Por Raimi Ríos
Todos tenemos un ego, ese sentido de autoestima interior que gobierna nuestras relaciones con los demás y con la vida
Trascender el ego espiritualmente significa incapacitar a un ego pervertido, que se preocupa sólo por sí mismo, y que mentirá, engañará, dañara para mantener su status quo o su búsqueda de poder y dominación.
El viaje del autoconocimiento consiste en trascender el ego para reconectar con la esencia que verdaderamente somos y donde se encuentra la felicidad, la paz y el amor que equivocadamente buscamos afuera.
Desde un punto de vista emocional, cuando reconectamos con nuestra esencia disponemos de todo lo que necesitamos para sentirnos completos, llenos y plenos por nosotros mismos. Entre otras cualidades innatas, la esencia nos acerca a la responsabilidad, la libertad, la confianza, la pro actividad y la sabiduría, posibilitando que nos convirtamos en la mejor versión de nosotros mismos. Es sinónimo de luz. Así, estamos en contacto con nuestra verdadera esencia cuando estamos muy relajados, tranquilos y serenos. Cuando independientemente de cómo sean nuestras circunstancias externas, a nivel interno sentimos que todo está bien y que no nos falta nada.

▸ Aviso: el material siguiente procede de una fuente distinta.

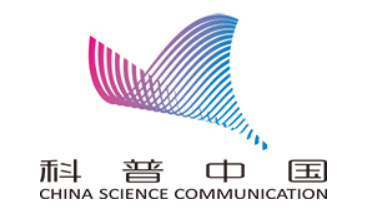 大话转基因图鉴|“妖”言惑众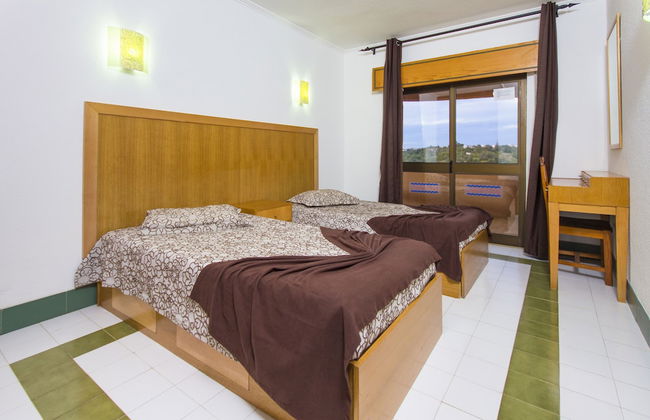 Choromar Apartments - Foto 8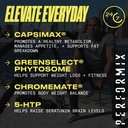 performix-sst-stim-free-super-strength-t-4.jpg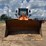 doosan-dl250-image-3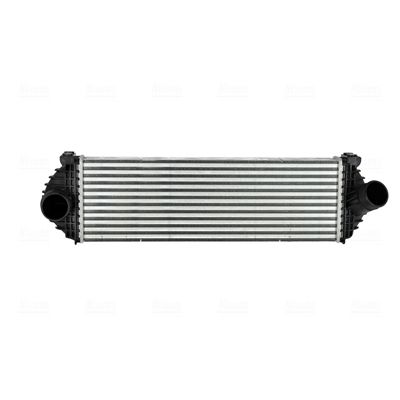 INTERCOOLER COMPRESOR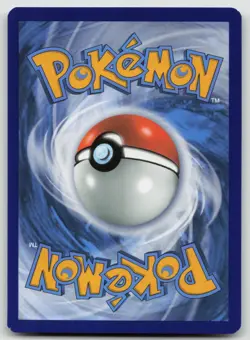 Pokemon TCG Jolteon v SWSH183 Black Star Promo Holo Full Art Card NM Condition - Image 2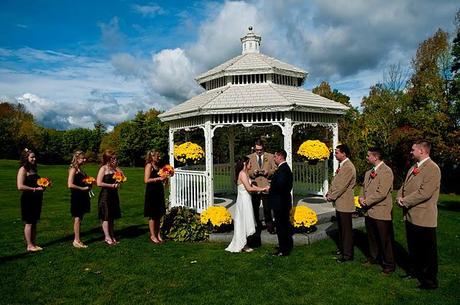 PHOTOGRAPHING  LOVE IN THE SPRING TIME AND FALL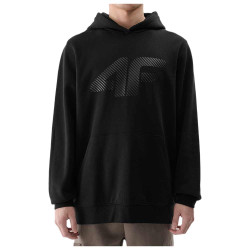 4F Ανδρικό φούτερ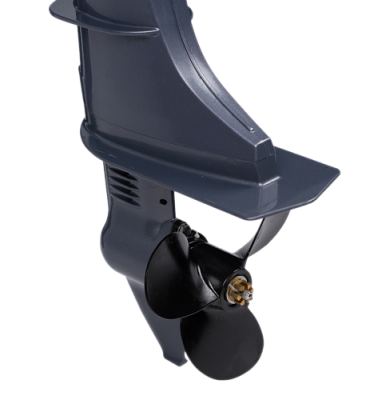 lodochni_motor_omolom_5_6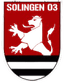 Solingen-Wald logo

Debido a nuestro complejo proceso de evolución, desde el día en que nacemos nos vamos desconectando y alejando de nuestra esencia, la cual queda sepultada durante nuestra infancia por el «ego». Así es como perdemos, a su vez, el contacto con la felicidad, la paz interior y el amor que forman parte de nuestra verdadera naturaleza. Y, como consecuencia, empezamos a padecer una sensación de vacío e insatisfacción crónica.
El ego es nuestro instinto de supervivencia emocional. También se le denomina «personalidad» o «falso yo». Es como un escudo protector, cuya función consiste en protegernos del abismo emocional que supone no poder valernos ni sobrevivir por nosotros mismos durante tantos años de nuestra vida. El ego también es la máscara que hemos ido creando con creencias de segunda mano para adaptarnos al entorno social y económico en el que hemos nacido y nos hemos desarrollado.
Así, el ego nos lleva a construir un personaje con el que interactuar en el gran teatro de la sociedad. Y no sólo está hecho de creencias erróneas, limitantes y falsas acerca de quiénes verdaderamente somos. El ego también se asienta y se nutre de nuestro lado oscuro. De ahí que suele utilizarse la metáfora de la «iluminación» para referirse al proceso por medio del cual nos damos cuenta de cuáles son los miedos, inseguridades, carencias, complejos, frustraciones, , traumas y heridas que venimos arrastrando a lo largo de la vida. Por más que las obviemos y no las queramos reconocer, todas estas limitaciones nos acompañan las 24 horas al día, distorsionado nuestra manera de ver el mundo, así como la forma en la que nos posicionamos frente a nuestras circunstancias.
Por mucho que podamos sentirnos identificados con él, no somos nuestro ego. Ante todo porque el ego no es real. Es una creación de nuestra mente, tejida por medio de creencias y pensamientos. Sometidos a su embrujo, interactuamos con el mundo como si lleváramos puestas unos lentes con cristales coloreados, que limitan y condicionan todo lo que vemos. Y no sólo eso: con el tiempo, esta percepción de la realidad limita nuestra experiencia, creándonos un sinfín de ilusiones mentales que imposibilitan que vivamos en paz y armonía con nosotros mismos y con los demás.
Sin embargo, hay que estar agradecidos al ego por la ayuda que nos brindó a lo largo de nuestra infancia. Sin él, nos habría sido mucho más duro sobrevivir emocionalmente, por no decir imposible. De ahí que éste sea necesario en nuestro proceso de desarrollo. Además, gracias al sufrimiento provocado por nuestro ego, finalmente nos comprometemos con cuestionar el sistema de creencias que nos mantiene anclado a él, iniciando un camino de aprendizaje para reconectar con nuestra verdadera esencia. Esto sucederá el día en que nos demos cuenta de que la compañía del ego nos quita más de lo que nos aporta.